Liberals have been unfairly using presidential candidate Donald Trump like a punching bag, as if a self-made billionaire is an idiot who deserves to be ridiculed instead of being admired for his contributions and success.

I think Trump would make a great president. We need a leader who can restore American cred on the world stage, and get things done domestically. A lot of what is great about the city has the Trump name on it. He is a true American, whose command of capitalism would stand the country in good stead.

Those who consider Trump a bloviator should consider the demerit points President Obama’s diplomacy has earned us both at home and overseas. We need leaders who mean what they say and say what they mean. So far the only candidate who measures up to that is Donald Trump.

John Harding

Bay Ridge

Tobacc-no

To the editor,

We don’t need more tobacco in my neighborhood. Just the other day I was walking from the park around my school and I noticed something new. Another tobacco shop has opened offering more deadly tobacco products to my community that we don’t need. Tobacco shops, bodegas and pharmacies that sell tobacco contribute to harming our neighborhoods instead of building them up. We need more positive things in our communities, not more tobacco retail.

I’m 16 years old and a typical walk down my block in East Flatbush has 80 retailers selling tobacco products. This saddens me, and I believe there needs to be restrictions on the amount of shops that sell tobacco in our communities. In Brooklyn alone, there are currently more than 5,000 of my high-school peers who use cigarettes. Tobacco companies target communities and neighborhoods like mine with heavy marketing in and around shops that sell tobacco. They make their products look more appealing to children by using bright colors and familiar designs. This is another contributor to youth smoking.

We clearly don’t need any more tobacco shops and products in our community. We should have more positive things being built, like recreational parks or basketball courts.
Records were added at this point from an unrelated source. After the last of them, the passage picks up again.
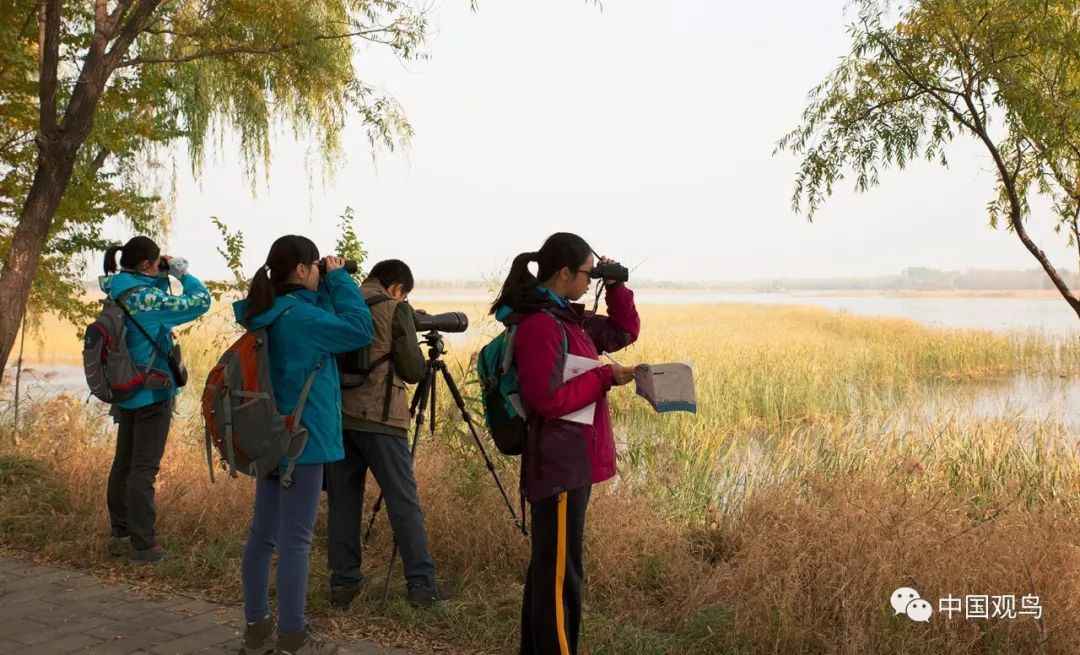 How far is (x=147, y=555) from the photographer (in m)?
5.40

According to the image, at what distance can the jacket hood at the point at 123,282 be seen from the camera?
5.34 m

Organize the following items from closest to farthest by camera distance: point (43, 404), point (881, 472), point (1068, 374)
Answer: point (881, 472) < point (43, 404) < point (1068, 374)

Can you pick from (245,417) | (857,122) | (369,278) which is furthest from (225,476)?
(857,122)

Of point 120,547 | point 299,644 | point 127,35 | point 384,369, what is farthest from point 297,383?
point 127,35

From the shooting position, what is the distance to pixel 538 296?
3.19 metres

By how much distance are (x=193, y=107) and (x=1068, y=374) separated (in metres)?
17.7

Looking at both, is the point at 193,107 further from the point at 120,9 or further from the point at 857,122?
the point at 857,122

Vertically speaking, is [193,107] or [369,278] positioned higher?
[193,107]

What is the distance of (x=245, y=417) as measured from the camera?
367 centimetres

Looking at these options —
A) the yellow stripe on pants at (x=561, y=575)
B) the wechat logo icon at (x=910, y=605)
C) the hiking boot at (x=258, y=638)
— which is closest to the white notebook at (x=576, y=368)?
the yellow stripe on pants at (x=561, y=575)

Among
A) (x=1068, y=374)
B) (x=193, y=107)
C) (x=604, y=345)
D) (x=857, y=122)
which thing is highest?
(x=193, y=107)

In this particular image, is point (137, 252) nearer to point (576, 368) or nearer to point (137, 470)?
point (137, 470)

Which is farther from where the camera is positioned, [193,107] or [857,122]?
[193,107]

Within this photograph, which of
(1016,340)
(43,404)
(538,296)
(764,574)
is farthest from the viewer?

Things that kids should like. Tobacco companies are basically corrupting minds so that we can become addicted to tobacco products, and it’s deteriorating the health of everyone who lives in that community.

As a student fellow with the N.Y.C. Smoke-Free at Public Health Solutions, my peers and I are working to create a tobacco-free generation. Our communities can come together for the good of the youth. All we have to do is make our voices heard. We don’t need any more tobacco. Please join us by visiting nycsmokefree.org.

Ryan Newman

The writer is a student at the High School For Public Service in East Flatbush.

Clean power

To the editor,

I wonder if the youth of the 1960s and 1970s were as fully aware of the health and environmental impacts the Clean Air Act would have on the nation, as I am. As a New Yorker, I think New York needs to lead the way in meeting and exceeding the goals set by the Clean Power Plan. One obvious first step would be for Gov. Cuomo to stop subsidizing dirty coal plants with hundreds of millions of dollars taken from the pockets of electricity customers. And we need to start thinking now about how to responsibly transition workers and communities away from a fossil fuel past and toward a clean energy future that can provide economic and employment security.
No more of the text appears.